INPUT:
:::::
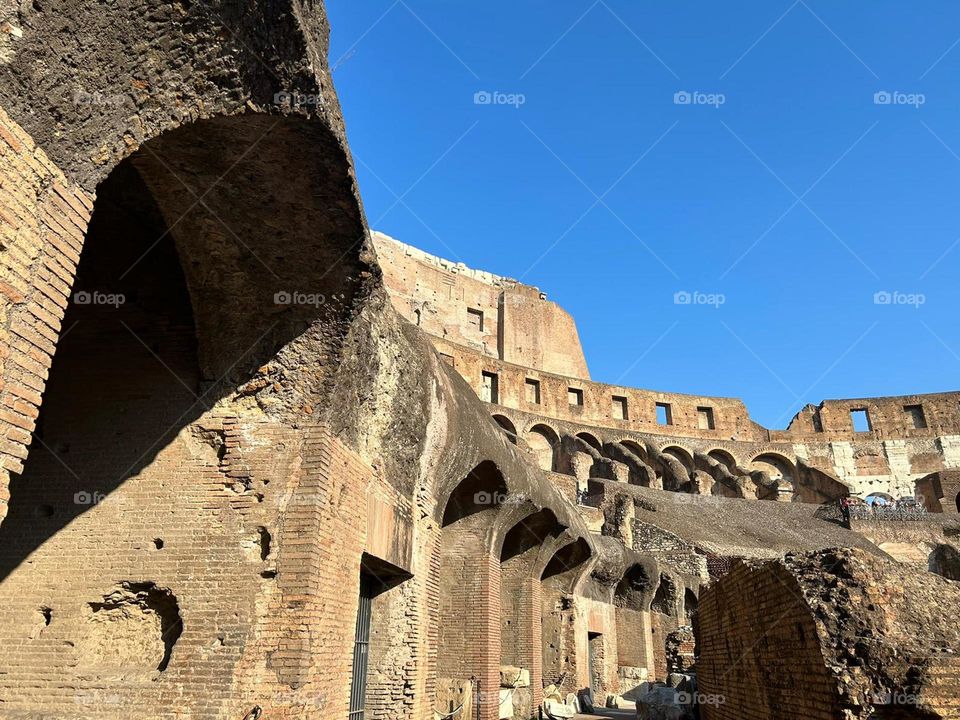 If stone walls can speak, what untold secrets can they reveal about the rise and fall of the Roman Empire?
:::::
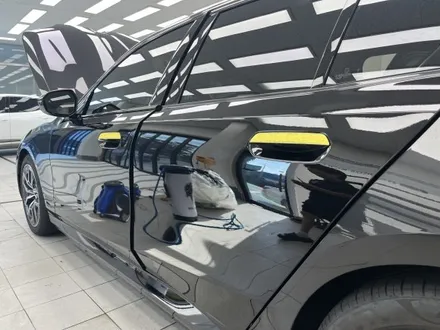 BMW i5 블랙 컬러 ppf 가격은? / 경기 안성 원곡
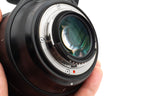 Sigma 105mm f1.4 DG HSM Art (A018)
:::::
WHAT YOU NEED TO DO: Word for word, repeat the lines above from the one with "BMW i5 블랙 컬러 ppf 가격은? / 경기 안성 원곡" through the one with "Sigma 105mm f1.4 DG HSM Art (A018)", and nothing beyond them. Omit the pictures.

EXERCISE RESPONSE:
 BMW i5 블랙 컬러 ppf 가격은? / 경기 안성 원곡
 Sigma 105mm f1.4 DG HSM Art (A018)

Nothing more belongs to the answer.